## HOW TO COMPLETE THIS TASK:
In the entries below, find the line with "Dušas paliktnis taisnstūra" and the line with "Holzfigur krokodil alligator"; reproduce those two lines and all lines between them exactly, without pictures.

## SOURCE DATA:
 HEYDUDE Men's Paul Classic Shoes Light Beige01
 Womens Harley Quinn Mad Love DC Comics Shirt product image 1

* * *

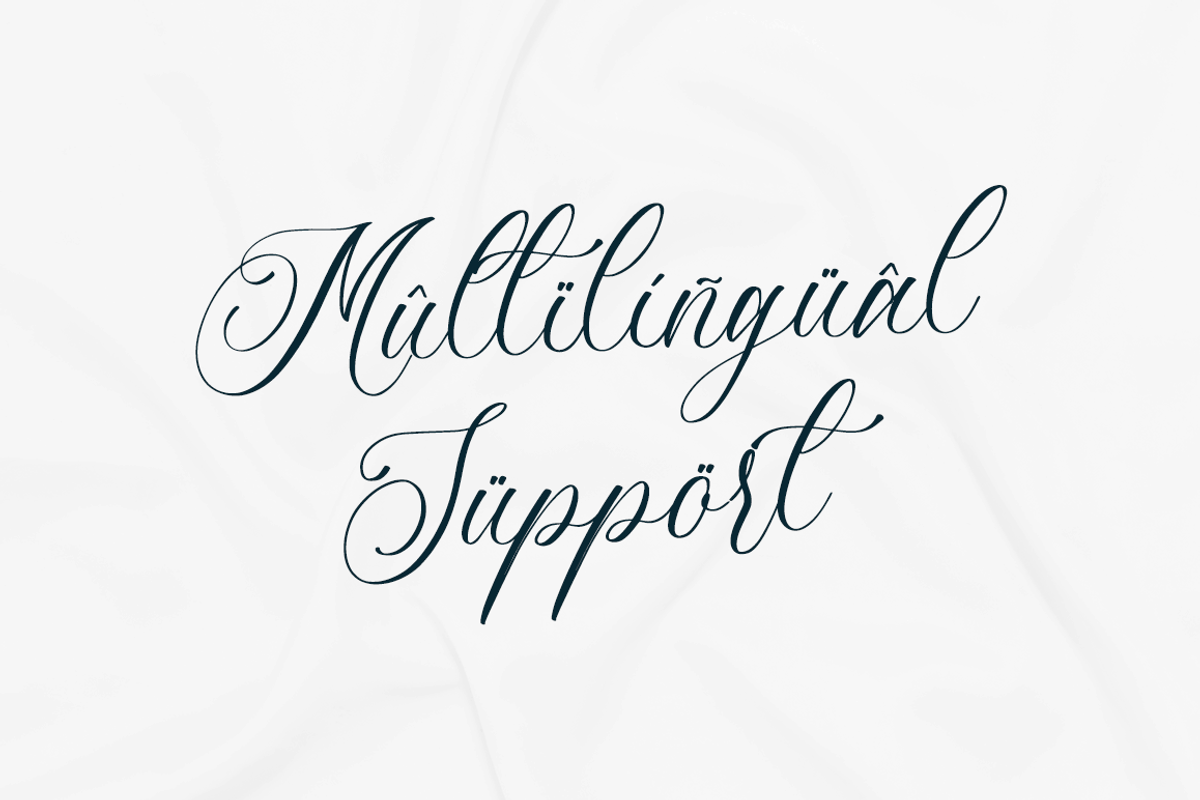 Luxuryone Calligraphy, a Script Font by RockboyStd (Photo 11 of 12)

* * *

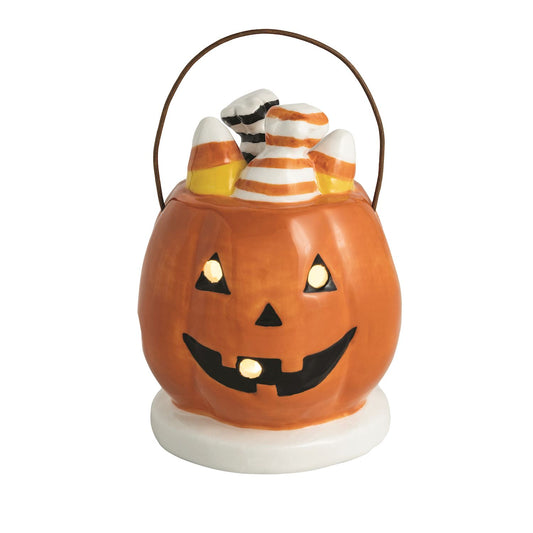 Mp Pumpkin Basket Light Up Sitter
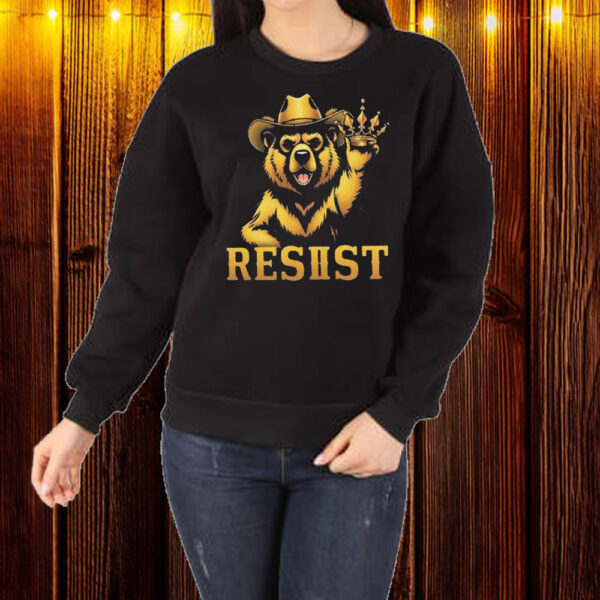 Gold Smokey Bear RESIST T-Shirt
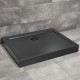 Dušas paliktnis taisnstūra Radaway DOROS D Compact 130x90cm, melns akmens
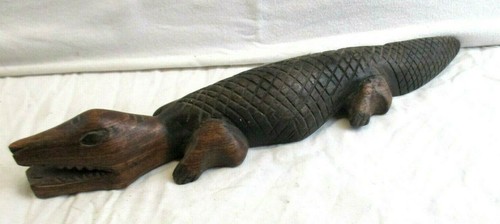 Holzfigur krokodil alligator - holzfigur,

## TASK ANSWER:
 Dušas paliktnis taisnstūra Radaway DOROS D Compact 130x90cm, melns akmens
 Holzfigur krokodil alligator - holzfigur,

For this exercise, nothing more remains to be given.